Calibration standards were prepared , over the range of 2.5 – 50 ηg/mL, by diluting a standard sample of TFA (Aldrich, Milwaukee, WI) in water with control human urine. A blank control of human urine was also prepared.

All spectra were obtained at 20°C on a Varian VXR-300 spectrometer (Varian, Palo Alto, CA), operating at 282.217 MHz with a 5 mm probe. Spectral width was set to 5,000 Hz (with transmitter offset of 8500 Hz) containing 7,000 data points. After conducting T1 experiments of TFA in distilled water, it was determined that a flip angle of 17 µsec was reasonable. For each sample, 12,000 transients were acquired, and the TFA peak at 2387.06 Hz was integrated using limits of 2281.69 Hz and 2492.53 Hz, keeping the vertical and integral scales identical for all calibration standards and blank, as well as samples (vertical scale = 3 x 106). The integral value was plotted against the knowing concentration of TFA in the standards.

Results & Discussion
The calibration graph obtained by regressing the integral values from the 19F NMR signal corresponding to TFA onto the known TFA standard concentrations is shown in Figure 1.

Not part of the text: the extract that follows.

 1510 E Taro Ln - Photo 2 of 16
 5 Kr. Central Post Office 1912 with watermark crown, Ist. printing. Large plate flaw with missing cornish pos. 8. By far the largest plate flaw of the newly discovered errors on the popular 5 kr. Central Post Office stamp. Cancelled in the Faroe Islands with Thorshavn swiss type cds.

1.  P.J. Crutzen. J. Geophys. Res. 76, 7311-7327 (1971).
2.  H.S. Johnston. Science. 173, 517-522 (1971).
3.  M.J. Molina and F.S. Rowland. Nature. 249, 810-812
4.  M.J. Olson, C.A. Reidy, J.T. Johnson and T.C. Pederson. Drug Metabol. Dispos. 18, 992-998 (1990)
5.  M.J. Olson, S.G. Kim, C.A. Reidy, J.T. Johnson and R.F. Novak. Drug Metabol. Dispos. 19, 298-304 (1991)
6.  S.E. Surbrook, Jr. and M.J. Olson. Drug Metabol. Dispos. 20, 518-524 (1992)
7.  S.Y. Monte, I. Ismail, D.N. Mallett, C. Matthews and R.J.N. Tanner. J. Pharm. Biomed. Anal. 12, 1489-1493 (1994).